By adjusting the center frequency and the statistical composition of the gigahertz-wide spread-spectrum signal, different applications can be addressed. Military applications, for example, could analyze reflections not only for the size and shape of objects imaged, but also for the objects' composition and function. To do that, a pseudorandom noise consisting of 1,000 bits or more would be loaded into a FIFO and used as the signal source. Users could then create a catalog of what reflections of certain objects look like when transmitting a certain sequence from the FIFO.

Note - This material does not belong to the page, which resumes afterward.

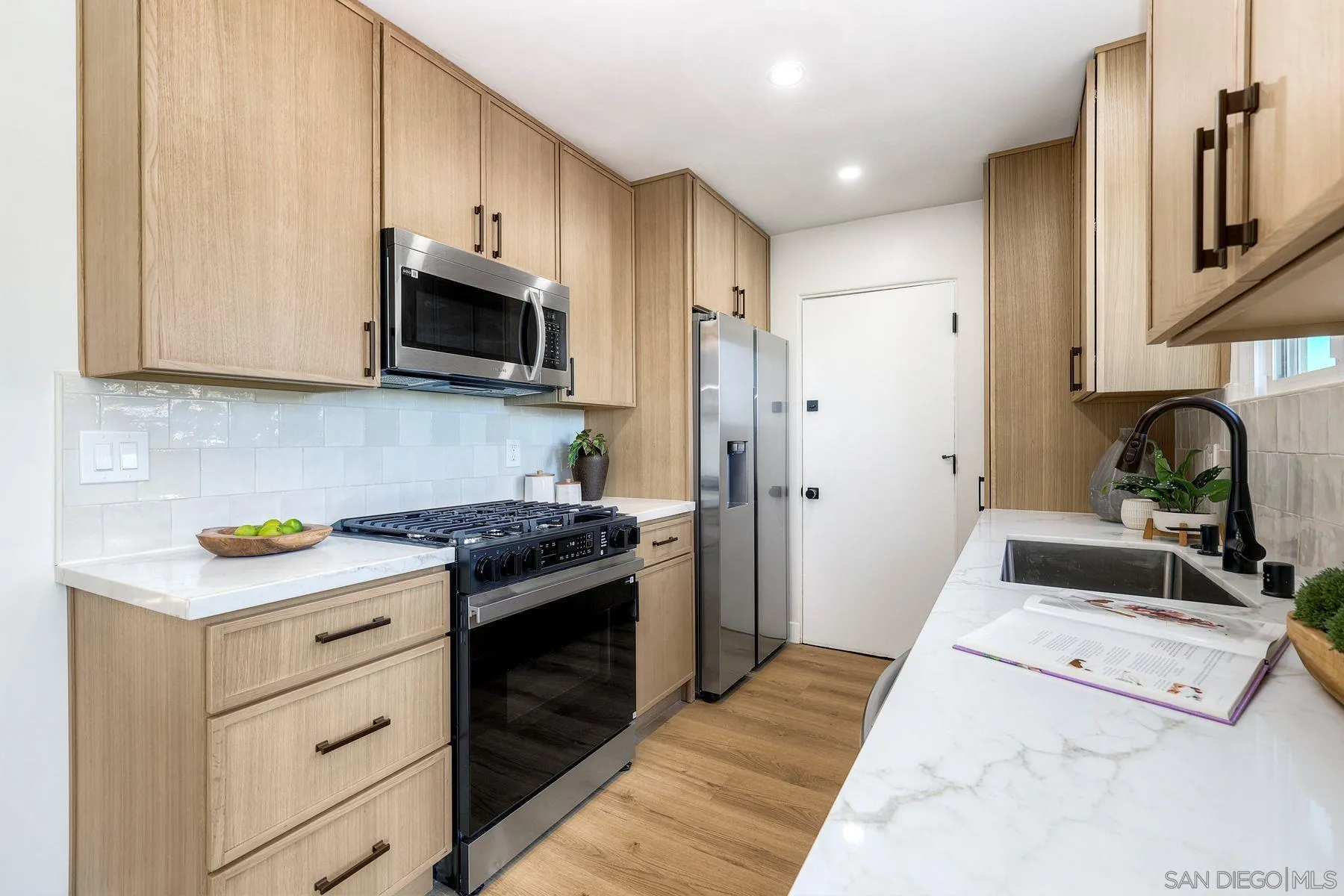 https://cdn.realtyfeed.com/cdn/127/260024492/cc89a37b4b321b0462baecae085bc9f4.webp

"There are all sorts of signals that can be transmitted, each with statistically desirable properties, such as maximal-length sequences--pseudoran- dom noise that produces a set of orthogonal frequencies whose reflections are easier to recognize," said Walton.
"For instance, the military could compile a catalog of reflection patterns for certain maximal-length sequences, since when a waveform returns after being reflected off an object it's predictably different," said Walton. "A catalog of those differences could be used as a matched-filter radar, which only responds to particular types of targets. For instance, it could tell the difference between a Scud missile and a school bus."
Walton claims to have several license deals in the works, including one with a major aerospace manufacturer. His work was funded by the ElectroScience Laboratory at Ohio State.